Речь премьер-министра Великобритании в Палате общин 14 сентября 2001 г. — самый горячий и верный союзнический отклик в Европе на американскую трагедию. Блэр безоговорочно солидаризируется с заокеанским партнером и готовит общественное мнение страны к предстоящим битвам, в которых британские войска будут сражаться плечом к плечу с американскими. Однако выступление главы британского правительства не вполне симметрично обращению хозяина Белого дома по стилистике и содержанию.
Блэр намечает британскую позицию в послеманхэттенском мире, она ближе остальных к американской, но все-таки она европейская. Разделяющее два атлантических берега расстояние притупляет остроту сентябрьского шока. Британский премьер-министр заостряет сопричастность манхэттенской трагедии аргументом совместно пролитой крови:
«Поскольку Всемирный торговый центр был домом многих больших финансовых фирм и поскольку многие из их служащих британцы, кто бы ни совершил эти акты терроризма, он убил, по крайней мере, сотню британских граждан, может быть, много больше. Убийство британцев в Нью-Йорке не отличается по природе от их убийства здесь, в сердце самой Британии. Поэтому мы в самом прямом смысле слова не просто заинтересованы, но обязаны привлечь к ответу виновных в этом» (Blair, 14/09/01). Вступление Британии в военную коалицию с Америкой юридически обосновано обязанностью Лондона наказать убийц своих граждан. Правовой аргумент эмоционально усилен отождествлением Нью-Йорка и английской столицы. Блэр как бы манхэттезирует Великобританию, делает США и Европу единой территорией, открытой для террора. К гражданам Объединенного Королевства Блэр апеллирует кровью их соотечественников. Но и не понесшие потерь страны должны понять, что у них одна судьба с Америкой. Им британский премьер рисует крайне опасное будущее: «Неделю тому назад предположивший, что террористы убьют тысячи невинных людей в деловом центре Нью-Йорка, был бы высмеян как алармист; теперь же это случилось. Мы знаем, что эти группы состоят из фанатиков, способных убивать без различия. Пределы в численности тех, кого они убьют, и в методах убийства не коррелируются каким-либо чувством морали. Пределы только практические и технические. Мы знаем, что они, если смогут, пойдут дальше и используют химические, биологические и даже ядерные средства массового уничтожения. Мы знаем также, что есть группы людей, возможно государства, которые продадут технологию и средства доставки такого оружия» (Blair, 14/09/01).

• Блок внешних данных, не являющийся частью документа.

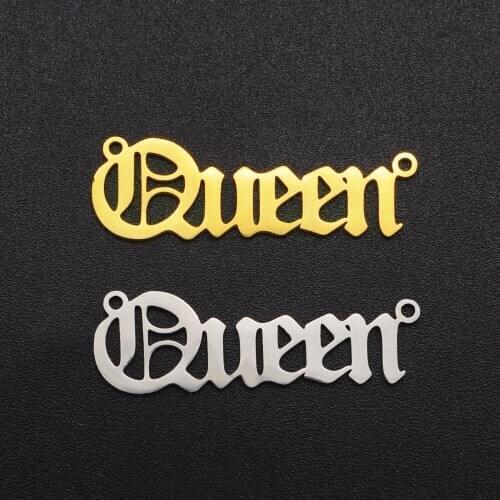 5pcs/lot 100% Stainless Steel Queen DIY Charm Pendant for Necklace Wholesale OEM Order Accepted Jewelry Bracelet Making Charms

Однако «манхэттезировать» европейское мировидение не удается. Периферического зрителя-зрителя нельзя передвинуть в центр гиперсобытия риторическими оборотами. Различие медиапозиций — так же устойчиво, как географические, социальные, имущественные и другие различия. Политические пассажи Блэра апеллируют к социокультурному порождению глобализации, которое получило название общества риска (см. ниже), и одновременно к психологии стран, еще не подвергшихся ударам гипертерроризма. Но сопричастность жертвам террористического нападения на Америку не может быть буквальной. Наиболее близко установке, подразумеваемой Блэром — сочувствие. Однако это психологическое отношение не принадлежит внутреннему кругу манхэттенского медиасобытия. Оно, скорее, на границе включенного и невключенного наблюдения катастрофы. Главный показатель включенного наблюдения — существование внутри актуального эфирного времени катастрофы — для этой группы утрачен. Ее суждения делятся относительно некоторых документов событии, пусть и весьма свежих. В этом отношении сочувствие является вариантом медиакритики. Однако его документы особые, в них катастрофа представлена визуально. Эмпатирующий наблюдатель совершает путешествие назад, расплачиваясь эмоциями вины и содрогания за безопасность своей позиции. Он — особый критик, составляющий суждения о своем участливом неучастии.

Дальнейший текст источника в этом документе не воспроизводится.